Friday, April 3, 2015

Lord Athlone named Governor General of Canada

April 3, 1940

The Earl of Athlone, uncle of King George VI, was appointed as Governor General of Canada,  The announcement was made tonight, reports the New York Times.  Lord Athlone succeeds Lord Tweedsmuir, who died in Montreal on February 11.

Lord Athlone has had a "distinguished record as a soldier and statesman," and recently cooperated with the Oxford Group's "moral rearmament campaign."   He was first named as Governor General of Canada in May 1914, when he was Prince Alexander of Teck.  He was to succeed his wife's uncle, the Duke of Connaught.  

When the World War broke out, the Duke of Connaught "was persuaded to extend his term of office."  That extension ended in 1916.   As Prince Alexander was on active service in France, "where he distinguished himself," his appointment as Governor General was canceled.

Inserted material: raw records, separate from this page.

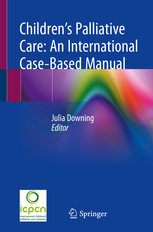 Children’s Palliative Care: An International Case-Based Manual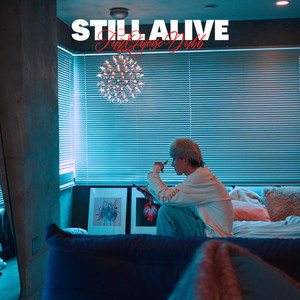 Still Alive (Explicit)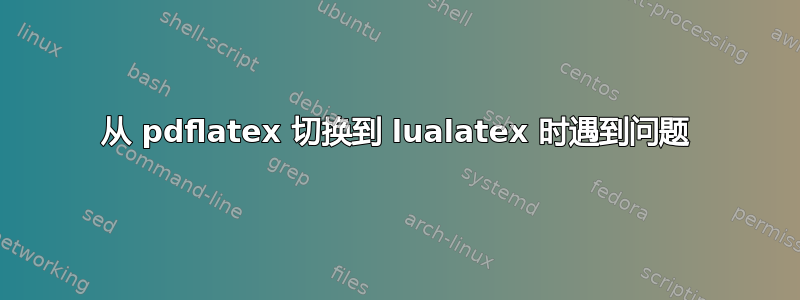 从 pdflatex 切换到 lualatex 时遇到问题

This will be his "third experience" as a governor General.  On October 27, 1923, he was appointed as Governor General of South Africa, succeeded Prince Arthur of Connaught, only son of the Duke of Connaught.   He was "so successful" that his term of office was extended, and he remained for seven years.

He is not expected to travel to Canada until June.  Princess Alice, Countess of Athlone, will accompany her husband. 

On April 1,  Princess Alice and Lord Athlone stayed at Buckingham Palace and dined with King George and Queen Elizabeth.

Vincent Massey, Canada's High Commissioner in London, said "Canadians would be proud to welcome so distinguished a public servant." He also "paid tribute to Princess Alice's wide human interests."

Lord Athlone is the younger brother of Queen Mary.  He is married to Princess Alice of Albany, only daughter of the late Duke of Albany, and a granddaughter of Queen Victoria.  They have one surviving child, Lady May Abel Smith.

Due to "war exigencies," the exact date of Lord Athlone's arrival will not be released in advance. He will be "sworn in", when he arrives in Ottawa, and not when he lands in Halifax or Quebec, which has been the custom during peace time.